The influential Irish-American labour union organizer Mother Jones once declared: “the rough hands which create the wealth of the world should be allowed to share it”. As an activist for the working class, she tirelessly fought for the ideal that the labourers who toil to generate prosperity in society should be valued with fair pay, safe work conditions and be treated with dignity.
Jones passed away in 1930, but nearly a century later the fight she waged is still as relevant as it was during her time. At present, manual labourers continue to fall victim to exploitative practices including being paid less than what’s fair, not being afforded basic meal breaks and having no security of tenure.
These cases may be more prevalent in developing countries, but even among OECD nations these injustices still occur. In New Zealand, cases of workers’ exploitation is rampant among Filipino builders sustaining an infrastructure boom in Auckland and a post-earthquake rebuild in Christchurch.
With an overheating property market, Auckland desperately needs more residential areas and the Government already announced a colossal plan to build 10,000 houses in ten years in the region.
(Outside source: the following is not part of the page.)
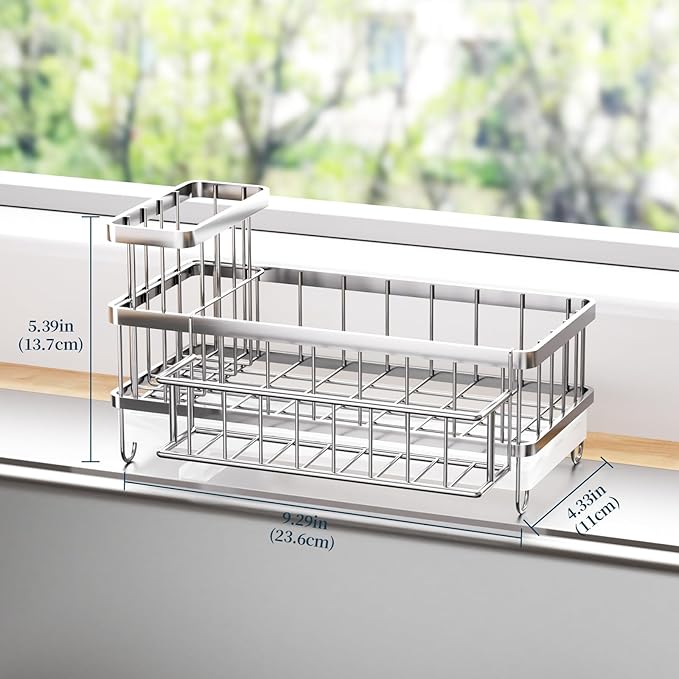Consuemst Sponge Holder for Kitchen Sink - Auto Draining Sink Caddy Organizer with Detachable Rack, High Brush Holder, Kitchen Countertop Storage Accessories, Silver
The sheer scale of the project entails a large workforce, the problem is compounded by a shortage of tradespeople in New Zealand – which forces construction companies to look overseas.
Auckland’s transport infrastructure is also in the process of an overhaul, with the Central Business District (CBD) being fitted with its first subway network and bus rapid transit (BRT) systems being introduced to its suburbs as well.
Meanwhile, the rebuilding of Christchurch has encountered many hiccups related to government policy, funding and the manpower to meet the demands of the construction process. A large number of Filipino builders have already been recruited overseas to fill these gaps and yet there continues to be delays in the project related to labour.
These realities make the work that Filipino builders do extremely important, yet the value of their mahi is not reflected in the way they are treated.
In August, an investigative report conducted by lawyer Catriona MacLennan for the E tū labour union revealed the shocking extent of exploitation suffered by these migrant Filipino builders. The injustice these workers suffered was no longer restricted to several isolated cases but rather a normalized culture of abuse towards migrant workers.
In her report, which surveyed 42 Filipino migrant builder in both Auckland and Christchurch, MacLennan did not find a single respondent who was paid the average hourly wage for builders in New Zealand.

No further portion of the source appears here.